Information supplied –
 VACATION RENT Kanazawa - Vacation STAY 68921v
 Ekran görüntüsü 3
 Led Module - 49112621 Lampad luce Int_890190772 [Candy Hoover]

Exercise prompt –
Print the listing once more, exactly as it stands above.

Exercise output –
 VACATION RENT Kanazawa - Vacation STAY 68921v
 Ekran görüntüsü 3
 Led Module - 49112621 Lampad luce Int_890190772 [Candy Hoover]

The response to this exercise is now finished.